Previously I have both defended and condemned the supermarket Bicycle Shaped Object. On balance, I didn't see too much harm in them, even if they only provide a valuable lesson in getting what you pay for. And I've even been vindicated in my argument that they may work as a "gateway drug".

But then I tried to maintain a kid's Huffy that we'd been given. It was a nightmare. Just getting the brakes to align was an exercise in excruciating frustration. As it was a hard garbage find, I suppose I can't complain too much. (I hasten to add that I was not the hard garbage finder, merely the poor sap who had to maintain the thing when it was passed on to us. It is amusing to note that when it went out on our hard garbage pile—in pieces—some other unsuspecting victim took it away.)

I don't know how Huffy somehow manages to be so consistently crap, to embody crappiness in everything it does. It was not always so.

Case study

That might sound a bit negative and a bit harsh, but how else can you explain this bike?

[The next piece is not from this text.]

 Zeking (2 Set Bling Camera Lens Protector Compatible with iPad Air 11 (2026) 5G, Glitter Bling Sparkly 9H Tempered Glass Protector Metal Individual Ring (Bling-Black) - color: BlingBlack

Huffy Friction. What an inspired name.

I don't know the first thing about design, but even I can tell that this is a terrible bike. I mean, a curved seat tube can look really cool, but only when it's actually needed for wheel clearance. And when extra reinforcement is required to stop the seat tube from snapping off at the top tube, that's not good design. And when that seat tube is shifted so far that you need an extra post to mount the front derailleur, that's not good design. Those front shocks don't really look like they're up to much. And that sticker near the head stem on the top tube looks suspiciously like one of those ones that say "Not to be used for stunting or other hard riding"—if the bike's not up for it, why make it look like it is?

There are probably other design errors on this bike that I haven't noticed but even I can see that this bike is butt ugly.

Beauty and the grease

Unless you're into farm machinery, on most measures a mountain bike is a pretty ugly thing. But we love them because they do their job well, and from experience a mountain biker comes to appreciate what is beautiful in those chunky beasts. On the other hand, a Dutch step-through is self-evidently a beautiful object, and perfectly suited to it's task of urban transportation. But it won't be the weapon of choice for a sporty weekend warrior, whose object of desire might be the Cervélo S3, or for the bike tourer who covets the Surly Long Haul Trucker.

The bicycle is one of those wonderful things that manages to combine beauty and function, even if one or both may be in the eye of the beholder.

Things that are both beautiful and functional delight us.
Things that are functional without beauty deliver for us.
Things that are beautiful without function distract us.
Things that are neither beautiful nor functional disappoint us.

And perhaps that's Huffy's biggest sin: there really is no excuse for making the noble bicycle into something so hopeless—and so damn unattractive.